Como negocio, utiliza también un modelo antiguo y trillado: prometer a los hombres (a cierto tipo de hombres, mejor dicho) concretar relaciones con mujeres de una manera fácil, rápida y anónima, que es exactamente lo que anhelan esos muchachos, y el motivo principal por el que les cuesta tanto iniciar un romance en el mundo real (o en los sitios para solos y solas). Ninguna relación, y mucho menos las amorosas, funciona a un clic. Ni siquiera cuando se trata de relaciones clandestinas. Lo diré mejor: nada en la vida funciona a un clic.
La lustrosa fragilidad del bit
Ahora, ¿alcanza cierto grado de soledad y desesperación para que unos 10.000 funcionarios del gobierno de Estados Unidos e Inglaterra se hayan suscripto a un sitio de citas extramaritales usando el e-mail pagado por los contribuyentes? Muchos estaban anotados con la dirección de correo de la corporación donde trabajan. ¿Cómo es posible? Sacar una cuenta de e-mail cuesta cero y lleva, máximo, 3 minutos y 45 segundos, por más desesperado que estés.
En este desliz monumental hubo, tal vez, la necesidad de creer que el sitio iba a saber proteger sus datos personales. ¡A fin de cuentas es para infieles! (¿Ya dije que esto suena incongruente?) Más aún, la portada recibe al visitante casual con un logo que dice: “Certificado Seguro y Fiable”. En inglés, en cambio, reza: “Trusted Security Award”. Pasó de certificado a premio, pero es lo de menos: la medallita tipo condecoración no es cliqueable. No conduce a ningún certificado ni a ningún premio de ninguna autoridad reconocida.
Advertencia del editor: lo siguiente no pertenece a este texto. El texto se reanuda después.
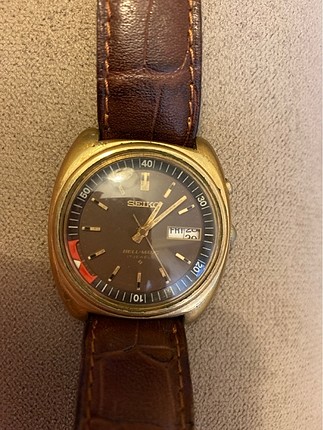 Seiko saat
No me extraña que, según Vocativ, no haya registro de que tal premio siquiera exista.
Resulta casi infantil, pero si a Ashley Madison le funcionó tan bien es porque existe una confianza simplista e ingenua en las nuevas tecnologías. Cierto, las computadoras parecen de fiar, tan lustrosas y pulidas, tan cibernéticas y modernas. ¿Qué puede salir mal? Bueno, prácticamente todo puede salir mal.
Los empleados de Ashley Madison llegaron a su oficina el 12 de julio y se encontraron con mensajes amenazantes en sus pantallas, maridados con el tema “Thunderstruck”, de AC/DC. Los habían hackeado y se habían llevado la base de datos completa de los suscriptos. Los atacantes prometieron publicarla si el sitio no era dado de baja. Cumplieron, para espanto de millones de personas que habían confiado en el Trusted Security Award.
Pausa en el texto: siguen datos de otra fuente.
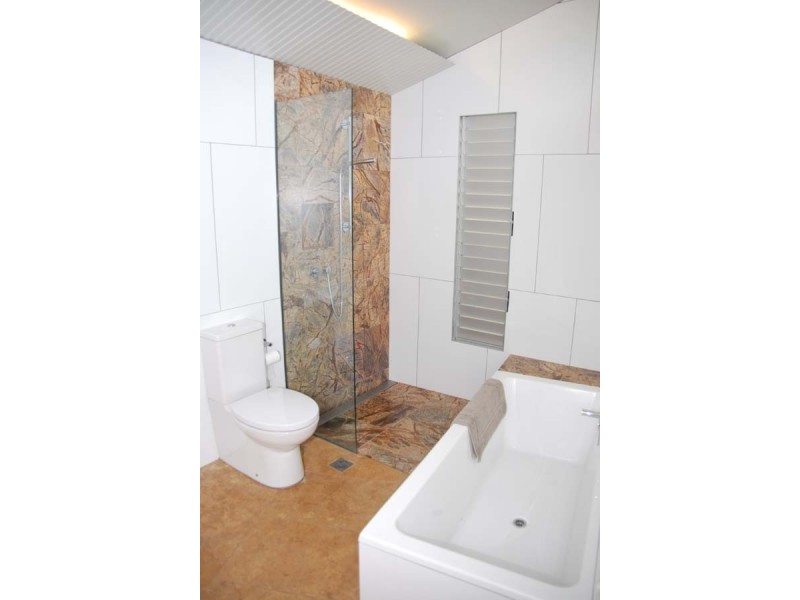 Eagle Heights QLD 4271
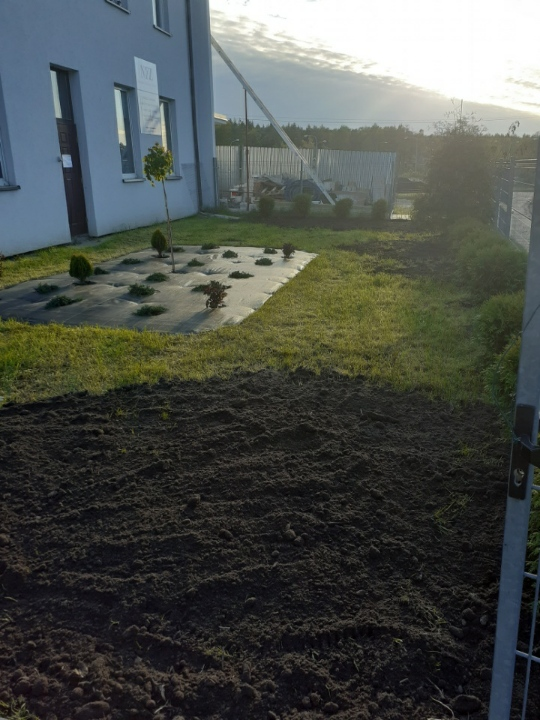 Zdjęcie ogródka podczas zajęć kursu ogrodniczego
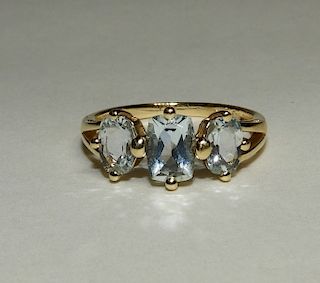 14K Gold Lady's Aquamarine Colored Ring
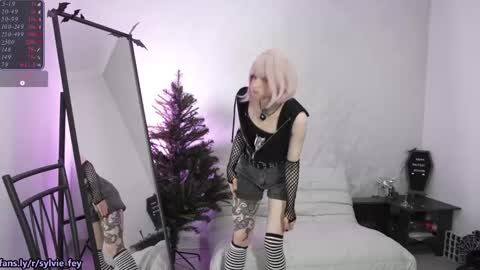 Sylvie online show from 11.29.25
Ahora, si esto había ocurrido docenas de veces en el pasado, si cada año se hurtan los datos de cientos de millones de usuarios de servicios de todas clases, desde un minorista de materiales para la construcción hasta RSA, la mayor compañía de seguridad informática del mundo, ¿por qué confiaron? Para peor, al revés que con las tarjetas de crédito, bancos y sitios serios de comercio electrónico, en Ashley Madison no hay reembolso posible. Lo que ponían en juego no era algo de dinero, sino su reputación y su matrimonio. ¿Por qué confiaron?
Hasta donde puedo ver, por ignorancia digital. Sólo confía al 100% en las computadoras quien no sabe qué hace un cerebro electrónico, qué es y cómo funciona el software, de qué forma se transmiten los datos en las redes y cómo se intenta protegerlos. El que no sabe es como el que no ve. En el caso de los dispositivos digitales, los programas e Internet, la ceguera es doble, porque las máquinas procesan datos y se comunican entre sí a velocidades pasmosas y en un lenguaje que es por completo ajeno para nosotros.
De haber conocido la absoluta opacidad de los circuitos electrónicos, de haber ponderado la inmensa ilusión que las máquinas deben fabricar para resultarnos inteligibles, los clientes de Ashley Madison habrían preferido buscar amoríos en otra parte.